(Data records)
——————————
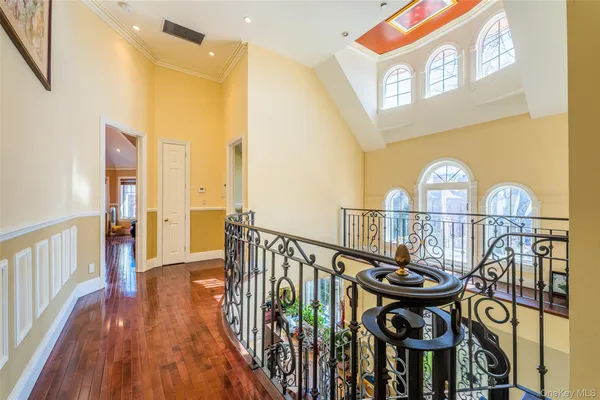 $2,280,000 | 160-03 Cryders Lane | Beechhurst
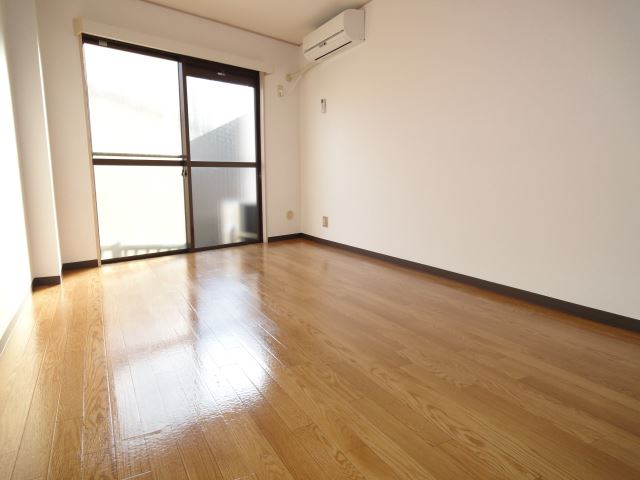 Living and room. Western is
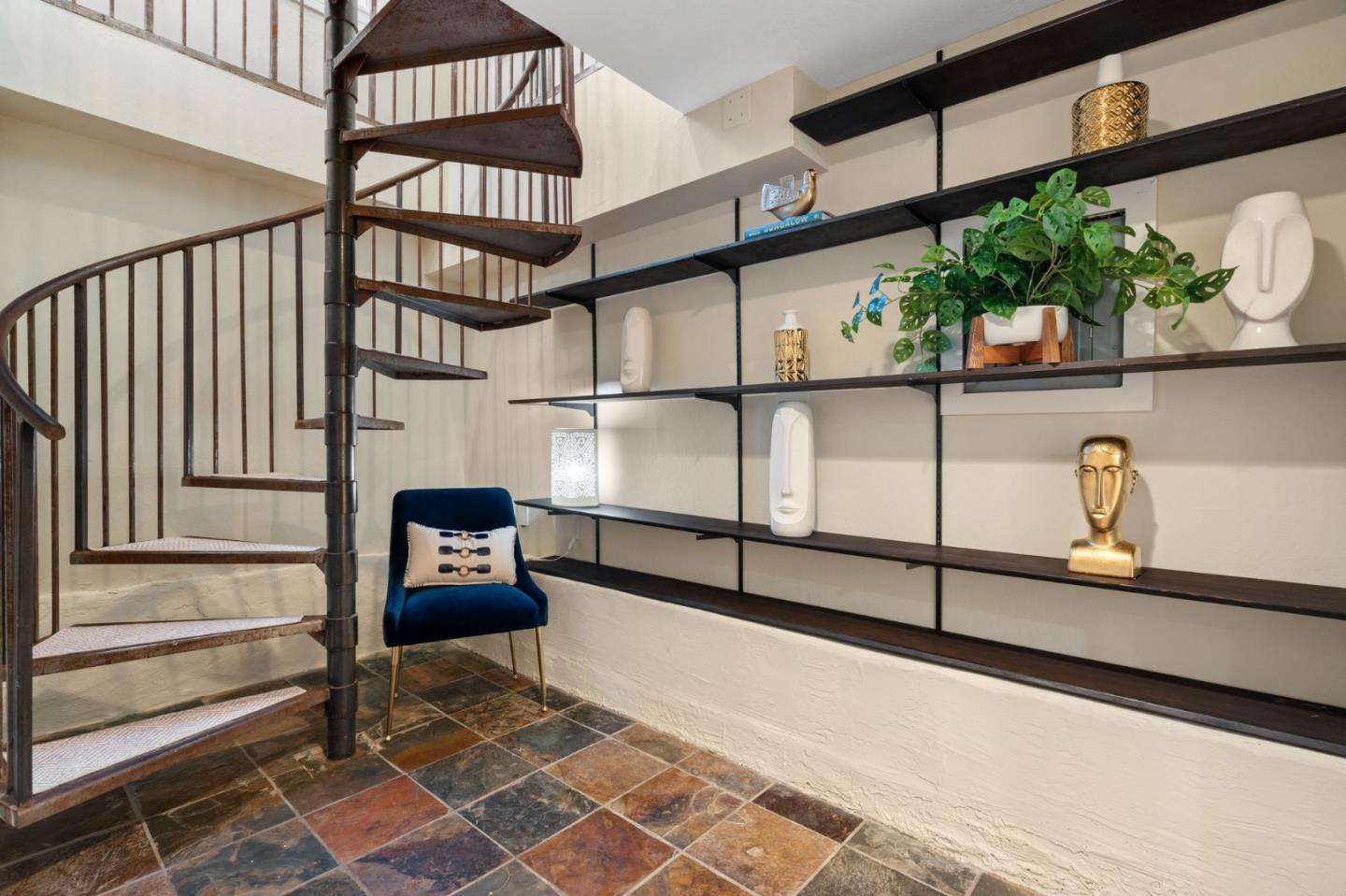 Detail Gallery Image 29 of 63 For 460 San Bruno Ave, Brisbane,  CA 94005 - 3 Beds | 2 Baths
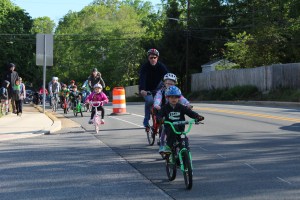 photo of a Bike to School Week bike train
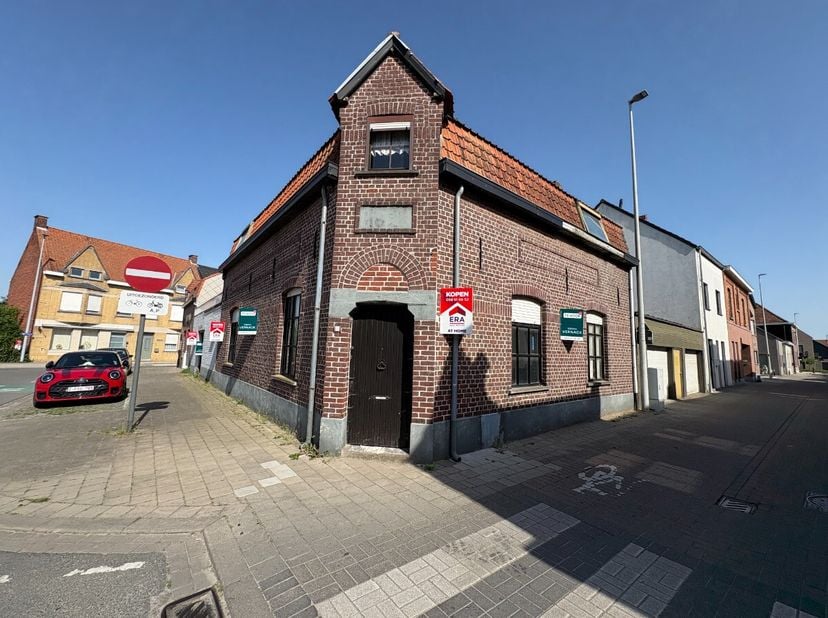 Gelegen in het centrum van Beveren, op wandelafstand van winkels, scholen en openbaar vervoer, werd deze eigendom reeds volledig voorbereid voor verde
——————————
TASK DIRECTIONS: A verbatim printout of the entries above is expected, free of pictures.

SOLUTION BELOW:
 $2,280,000 | 160-03 Cryders Lane | Beechhurst
 Living and room. Western is
 Detail Gallery Image 29 of 63 For 460 San Bruno Ave, Brisbane,  CA 94005 - 3 Beds | 2 Baths
 photo of a Bike to School Week bike train
 Gelegen in het centrum van Beveren, op wandelafstand van winkels, scholen en openbaar vervoer, werd deze eigendom reeds volledig voorbereid voor verde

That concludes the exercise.